Two Afghan soldiers and about a dozen Taliban have also died in new unrest, officials said, as part of a spike in insurgency-linked violence in recent weeks.
NATO's International Security Assistance Force (ISAF) said warmer weather had played some part in the rise in conflict.
"There is also evidence that the activities increased by some 40 percent since ... tribal areas became unregulated following the negotiations between the Pakistan government and Baitullah Mehsud," Captain Mike Finney said.
Mehsud is the shadowy leader of Taliban-based militants in Pakistan's tribal areas along the border with Afghanistan. He has vowed to continue "jihad" in Afghanistan even while pursuing peace talks with Islamabad.
Finney told a press conference that it was up to the international community to put pressure on Islamabad to root out the cause of the unrest, a reference to Taliban and Al-Qaeda sanctuaries in Pakistan.
"In terms of fighting the cause, that is for the international community to put pressure on those who can do something about it," he said. "But the ISAF mandate is very clear, and that goes as far as the border."

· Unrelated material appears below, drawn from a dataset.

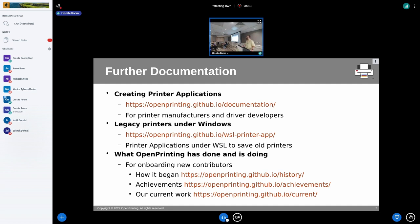Both for automatic and manual documentation, it would be great if I could find some volunteers helping me write all that.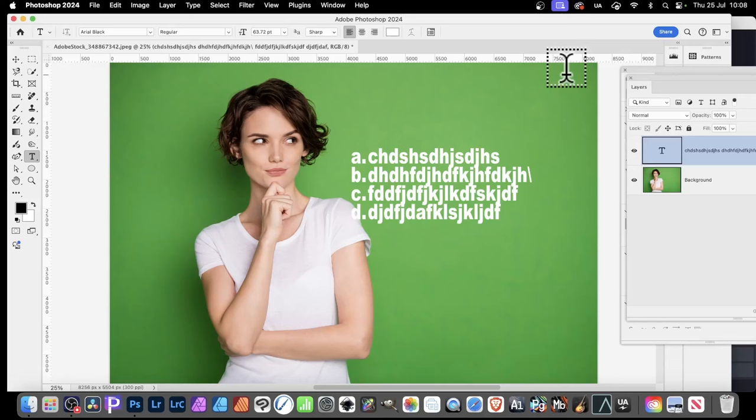Photoshop 2024, the July release, has added a number of new features. Really interesting new feature with type, bullets, and numbering.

More foreign militants were in Afghanistan, defence ministry spokesman Mohammad Zahir Azimi told the same media briefing. They were identified through documents found on them and due to the languages they spoke, he said.
Insurgents were also changing tactics from targeting security forces to focusing on infrastructure.
"In the past, the attacks were mostly on Afghan and foreign forces. Now we see they target vital and basic infrastructure," Azimi said.
The military had reports of militants planning to attack power plants and dams, and they were already striking highways and construction projects, he added.
Meanwhile, Britain's Ministry of Defence announced that a British soldier had died after being struck in an explosion on Tuesday in southern Helmand Province.
Three other British soldiers were killed in the past week in Helmand, a stronghold of insurgents with the Taliban, which was in government between 1996 and 2001 before being ousted in US-led invasion.
Helmand is also Afghanistan's main opium-producing centre, and officials say the drugs trade is financing some of the insurgency as well as feeding rampant government corruption.
The Afghan defence ministry said Wednesday that soldiers had killed 10 militants in Helmand province's Musa Qala area.
A US-led coalition forces' air strike on militant positions in the east had killed three more, the ministry said in a statement, while a "number" of militants died in an operation in the central province of Ghazni.
Two Afghan soldiers also died in combat in the past 24 hours, it said.